Wolfsburg are now struggling to stay with the pack. After their four-out-of-four start they have gone four Bundesliga games without a win, with Saturday’s 2-0 loss at Union Berlin their third reverse in a row. On top of that, centre-forward Wout Weghorst has tested positive for Covid and will miss this week’s Champions League match at Salzburg.

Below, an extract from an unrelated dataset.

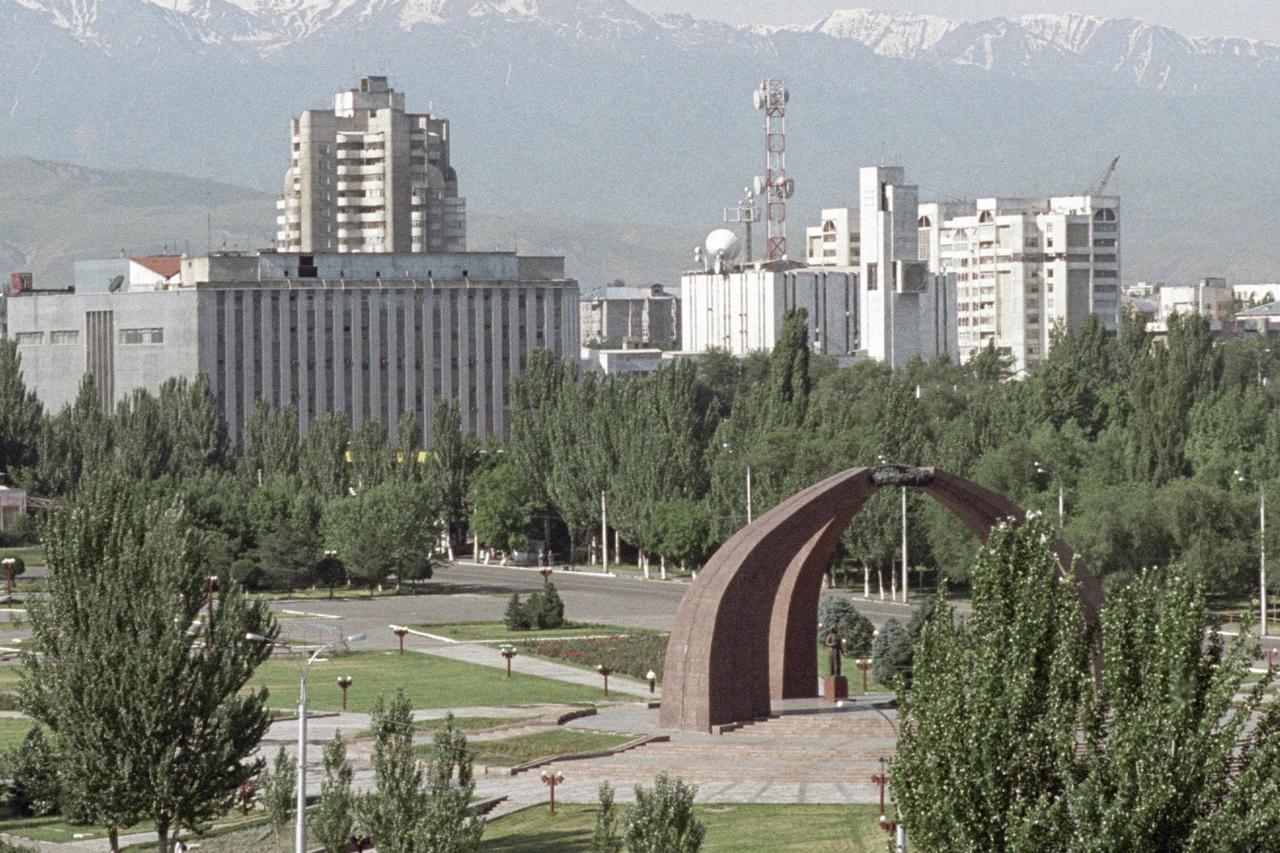 В столице Кыргызстана презентовали проект «легкого метро»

Union are now in the top five but put Wolfsburg noses out of joint with a comment on their website’s live-text commentary describing Hertha loanee Dodi Lukebakio’s point-blank miss for the visitors in the first half, when the game was goalless. “Even my uncle would have scored,” it said, “and he has an artificial hip and a broken knee. You can tell the man came from Hertha!” Wolfsburg managing director Jörg Schmadtke later told Bild of his annoyance “even if it was meant to be funny”.
Having ended Bayern’s unbeaten home run with that stunning win, Eintracht surrendered their own sequence of invincibility, losing on their turf for the first time in 23 matches – and to struggling Hertha, no less. Jürgen Ekkelenkamp’s decisive header means the will-he-won’t-he of Pal Dardai’s future will likely continue for at least a few weeks – but after a week in which CEO Carsten Schmidt surprisingly quit, any end to drama in the capital’s favourite soap opera appears unlikely.